The normal/heavy load for a quarter horse would be 390/780 lbs.
 The normal/heavy load for an clydesdale would be 490/980 lbs.
To those of you besides ElCucuy, these rules assume that you even care about normal and heavy loads. Not everybody does. There's certainly nothing heroic about tracking encumbrance. That said, for those of you who feel so compelled, take from these rules what you will.


----------



## ElCucuy (Nov 23, 2008)

Angrygodofmilk said:


> I know of what you speak ElCucuy, having noticed that discrepancy myself, especially when a Huge elephant would be laboured to carry a dragonborn with equipment. It doesn't make sense. My solution is to change the encumbrance system across the board. While these suggestions add a degree of math, working out the pattern behind my calculations is not difficult.





That's some great work there, AngryGod. I tried your formulas on a few mounts that our group is using, and they work spectacularly! Thanks for doing the heavy lifting for me. I'm pretty sure I'll just compose a chart of mount carrying capacity that replace the official using these numbers here. Like I said in the above post, I actually like the fact that large races are too big for a little old riding horse. These rules fit my image of the game world perfectly.

So once again, thanks for sharing your work, AngryGod.

El Cucuy


----------



## Jhaelen (Oct 25, 2010)

After looking over the mount section in the Darksun Campaign Setting I figured this thread deserved being resurrected.

Now we have the Medium-sized Erdlu which is able to pull a weight of 800 pounds vs. a Gargantuan-sized Mekillot which is able to pull a weight of 1300 pounds.
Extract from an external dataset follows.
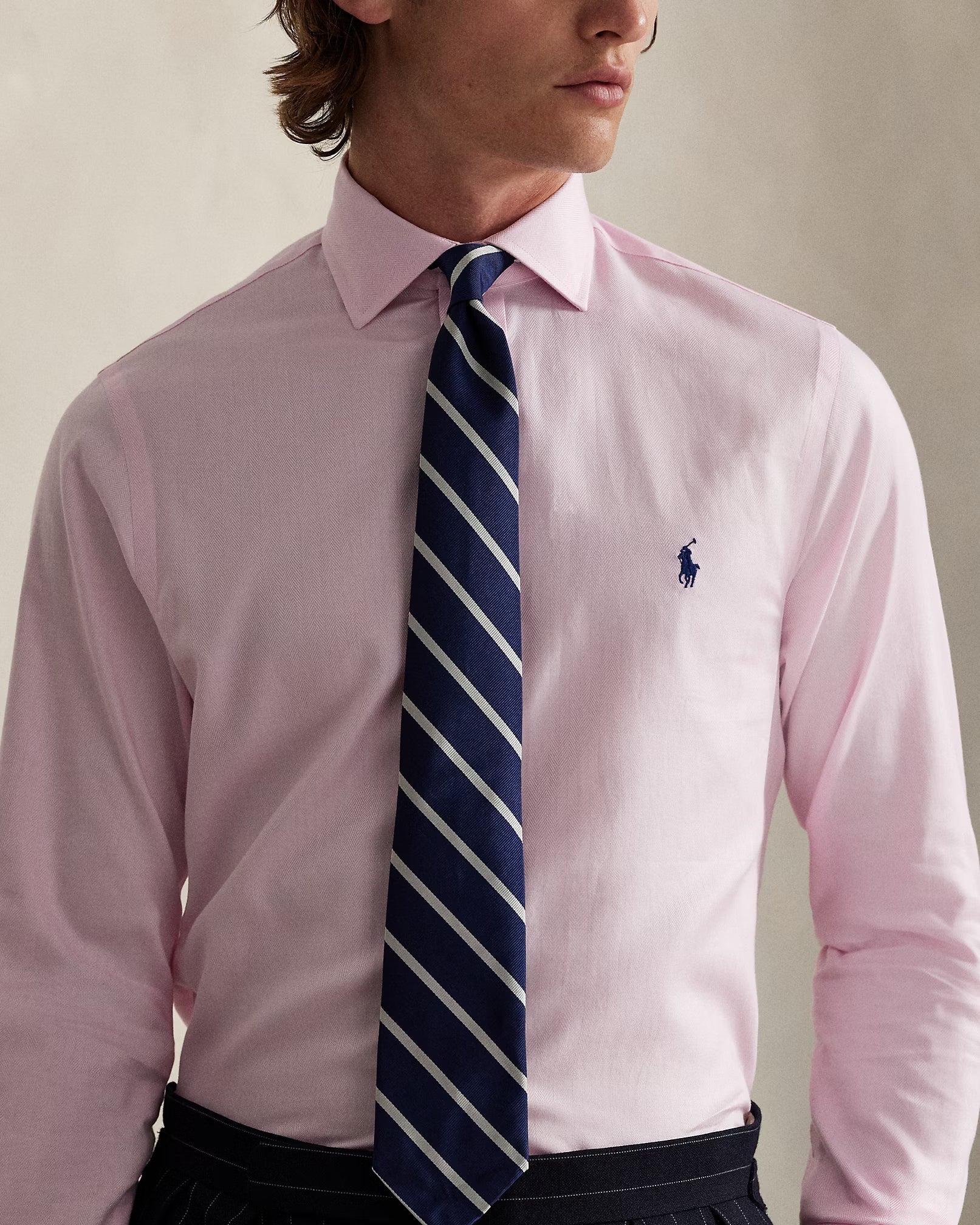Polo Ralph Lauren Custom Fit Delightful Blush Button-Up Shirt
This really made me wonder how a pair of mekillots is supposed to pull one of those _huge_ arcosies they're often depicted with.
And I cannot imagine that three Erdlus could almost pull the same weight.

It didn't bother me a lot before, since I figured the difference between large and huge mounts probably wouldn't be so pronounced, but the Darksun mounts illustrate just how implausible these numbers really are.


----------



## Nightchill (Oct 31, 2010)

Absolutely - with Dark Sun, overland travel probably shouldn't be too easy.  We're a little more wary of handwaiving encumberance when we consider that a survival day weighs 8lbs.. An interesting/related thread recently kicked off here.

I like Angrygodofmilk's ideas above. Alas, very little information on mount weight was given in the DSCS or DSCC. Ho hum.

edit: Using the 3.5e rules, with the 'normal load' listed in DSCS comes out with (I think):

Erdlu (medium biped): 160/320
Crodlu (large biped): 380/760
Crodlu, War (large biped): 400/800
Kank (large quad): 540/1080
Inix (large quad): 660/1320
Mekillot (huge quad): 1560/3120
Mekillot (gargantuan quad) = 3120/6240


----------